Mercedes-Benz CEO Ola Källenius responded to a contradiction created by the European Union’s attempt to steer a vast, privately owned industry toward a coordinated technological shift. The EU’s 2035 ban on internal combustion engines is an example of state-directed transition policy, but it collides with the immediate imperatives of firms competing in a global marketplace.
Källenius argues the policy is “insufficient” and insufficiently pragmatic. In plain terms, he is saying that the rule does not align with the current cost structures, consumer demand patterns, and competitive pressures faced by firms like Mercedes-Benz. But underneath that language is a deeper reality: firms do not transition because policy declares it so—they transition when it becomes profitable, or when competitive survival forces their hand.
The presence of rising Chinese competition—particularly from firms such as XPeng—intensifies this contradiction. European automakers are being squeezed between regulatory demands at home and aggressive, state-supported competition abroad. The result is not a smooth “green transition,” but a contested restructuring of global automobile production.

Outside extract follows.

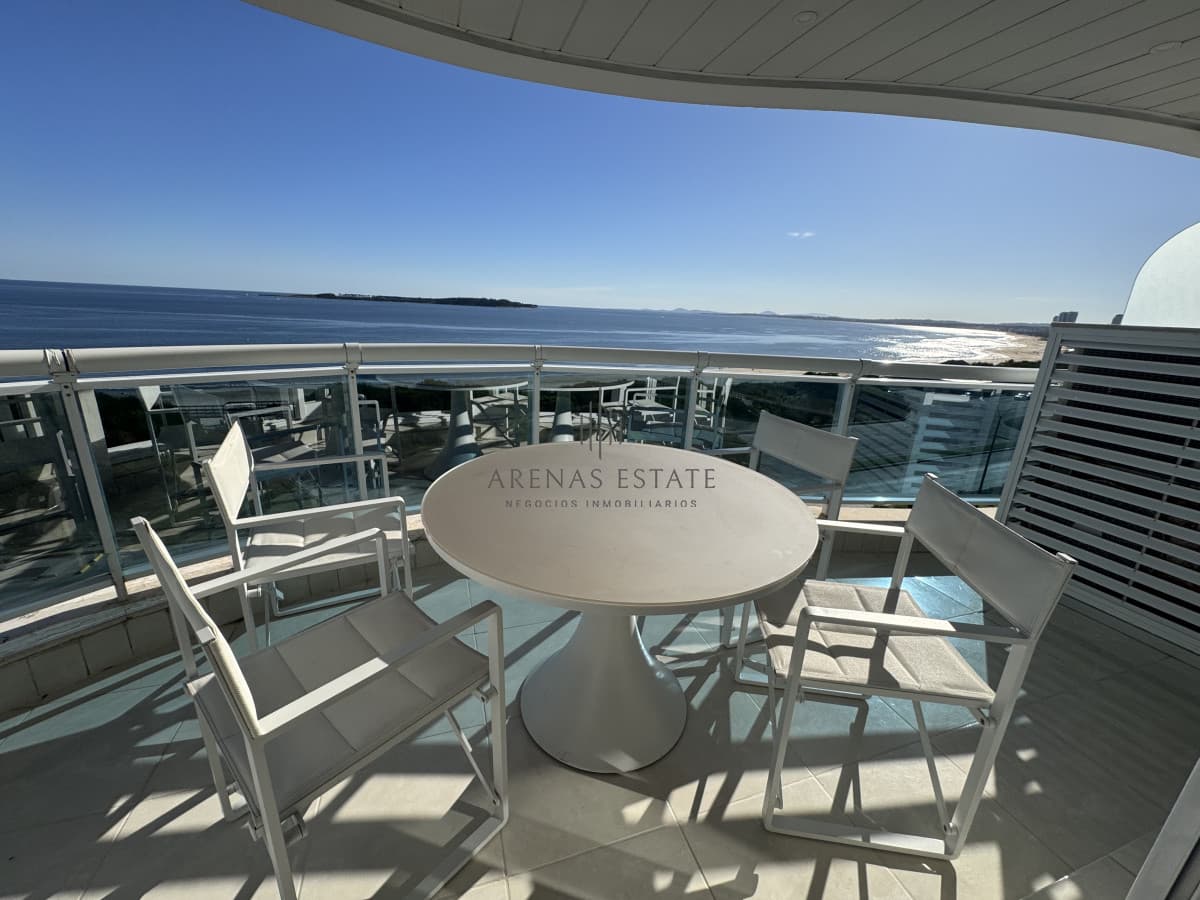 Apartamento ID.3683 - Apartamento de 3 dormitorios en venta en Punta del Este en primera linea de la Mansa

What Källenius is really pointing to is the instability of trying to manage a capitalist industry through administrative timelines alone. Corporatist enterprises respond first to profitability, second to competition, and only indirectly to policy goals. When those three forces diverge—as they are now—the system produces friction, lobbying, and calls for “realism,” which often means recalibrating policy to better fit corporate constraints.
In this sense, the debate over the 2035 ban is not just about emissions. It is about who controls the pace and direction of industrial transformation: elected bodies attempting to manage climate constraints, or large corporations navigating global competition and defending their accumulation strategies.